2. This Court while considering the writ petition made a pointed query to the Petitioner as to how a reference under the U.P. Industrial Disputes Act could be maintained on a reference made by the State of U.P. in exercise of powers u/s 4K of the Industrial Disputes Act.

3. The counsel for the Petitioner submitted that the reference order as issued on 06.06.2005 by the State Government u/s 4K of the U.P. Industrial Disputes Act was corrected vide order dated 14.11.2005 where-under it was provided that the reference is being made u/s 10(1)(d) of the Industrial Disputes Act (Central Act) and the earlier notification dated 06.06.2005 may treated as corrected accordingly. He submits that in view of the Constitution Bench judgment of the Hon''ble Supreme Court in the case of "H. R. Adyanthaya and Ors. v. Sandoz (India) Ltd. And others, 1994(5) Supreme Court Cases, 737" as also in view of the amendment made in Sales Promotion Employees (Conditions of Service) Act, 1976 hereinafter referred to as S.P.E. Act vide amending Act No. 48 of 1986 all sales promotion employees irrespective of their wages are covered by the Industrial Disputes Act.

4. It is, therefore, contended that in the facts of the case the reference was maintainable and could be adjudicated upon by the Labour Court. So far as the merits of the order refusing the back wages is concerned, it is submitted that the Petitioner had contested his termination affected on 20.7.1995 by raising a dispute in the year 1995 at the first instance. This reference was rejected by the Labour Court on technical ground on 5.3.2001. He made another application for a fresh reference being made u/s 10(1) of Industrial Disputes Act (Central Act). The reference was, however, made u/s 4K of U.P. Industrial Disputes Act being Adjudication Case No. 10 of 2002. This reference was also answered against the workmen on technical ground on 5.9.2003 by the Labour Court. The Petitioner thereafter made a third application for conciliation in the year 2003. The State Government under order dated 6.6.2005 again made a reference u/s 4K of the State Act. After great persuasion on 14.11.2005 the workmen could succeed in getting the reference made u/s 10(1)(d) of the Industrial Disputes Act which was registered as Case No. 27 of 2005 which has given rise to the award part whereof is being challenged by means of the present writ petition. He, therefore, submits that in the facts of the case there was no fault of the Petitioner as he had contested the matter all though out.

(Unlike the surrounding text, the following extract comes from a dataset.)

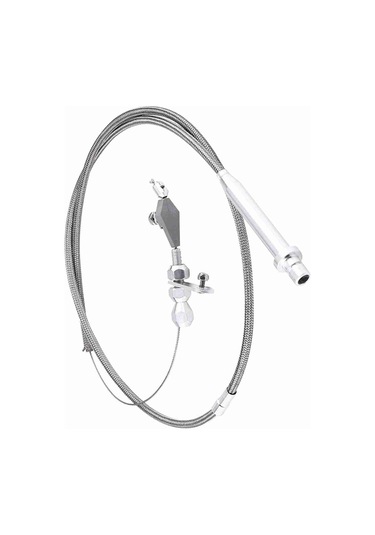 Lemestar Gm 350 Th350 Vitesi İçin Paslanmaz Çelik Gövdeyi Kollatma Kablosu - Sağlam Ve Sorunsuz İşlem, Kolay Kurulum Sı-at12004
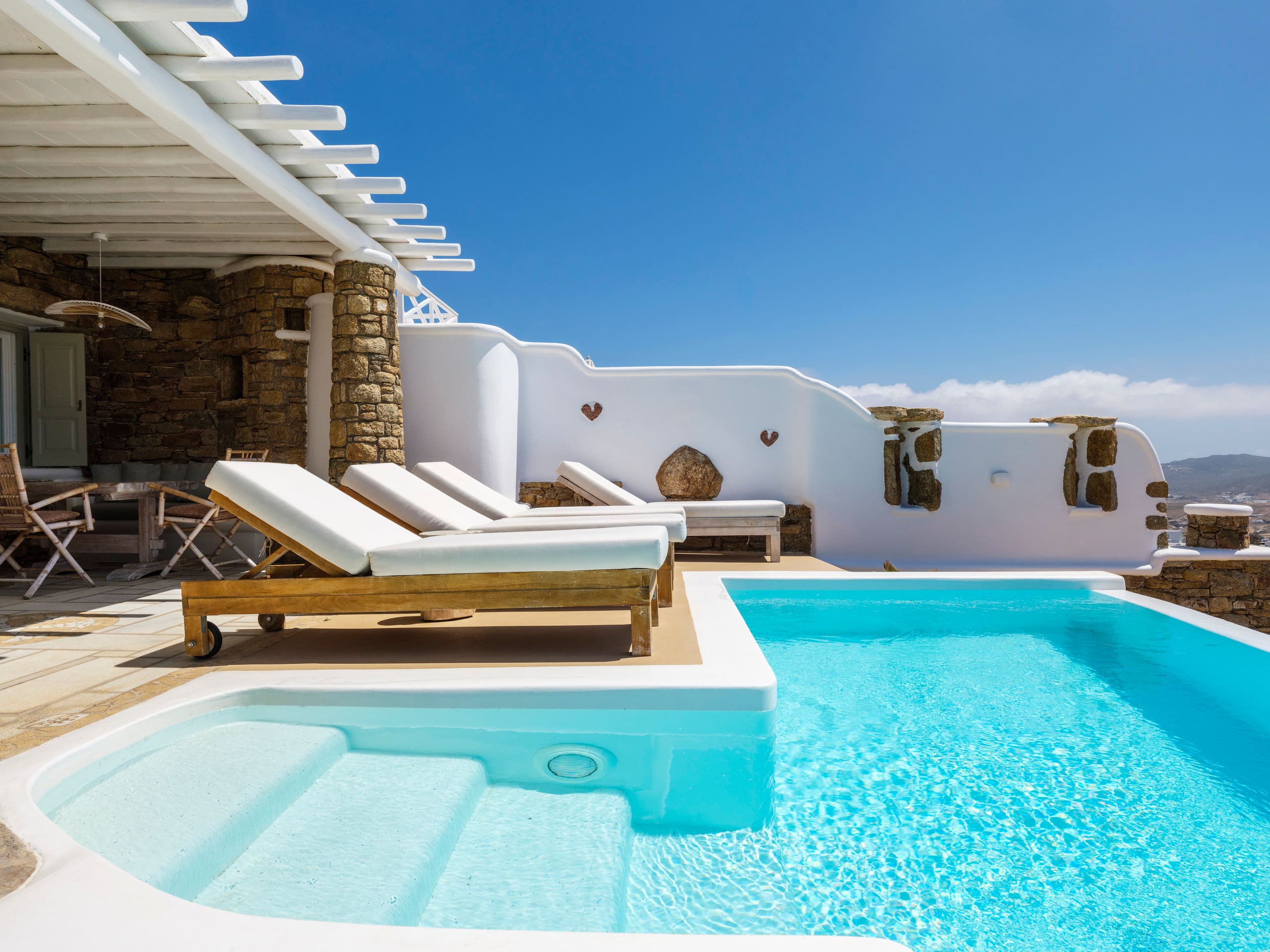 Mykonos Divino 1 bd Sea View Villa - private pool — photo 2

5. Heard learned Counsel for the Petitioner and examined the record of the present writ petition.

6. The Constitution Bench judgment of Hon''ble Supreme Court in the case of H. R. Adyanthaya (supra) has considered the effect of amending Act No. 48 of 1986, whereby the amended definition Clause 2(d) of S.P.E. Act came into force on 6.5.1987. In paragraph 28 of the judgment it has been held as follows:

28. The SPE Act was amended by the Amending Act 48 of 1986 which came into force w.e.f. 6-5-1987. By the said amendment, among others, the definition of sales promotion employee was expanded so as to include all sales promotion employees without a ceiling on their wages except those employed or engaged in a supervisory capacity drawing wages exceeding Rs. 1600 per mensem and those employed or engaged mainly in managerial or administrative capacity.

7. For the purposes of this petition the Court may clarify that the controversy before the Hon''ble Supreme Court was in respect of disputes which had arisen prior to the said amendment.

8. From a simple reading of the amending Act and paragraph 28 of the judgment of the Constitution Bench of Hon''ble Supreme Court in the case of H. R. Adyanthaya (supra), it would be apparently clear that the amendment made in the definition Clause 2(d) of Act No. 48 of 1986 excluded certain categories of sales promotion employees namely (a) employees who were employed in supervisory capacity and were drawing wages of more than Rs. 1600/-per mensem or (b) who was engaged/employed mainly in managerial or administrative capacity. For ready reference Section 2(d) is quoted below:

2. Definitions-

(d) "sales promotion employees" means any person by whatever name called (including an apprentice) employed or engaged in any establishment for hire or reward to do any work relating to promotion of sales or business, or both, but does not include any such person,

(i) who, being employed or engaged in a supervisory capacity, draws wages exceeding sixteen hundred rupees per mensem; or

(ii) who is employed or engaged mainly in a managerial or administrative capacity.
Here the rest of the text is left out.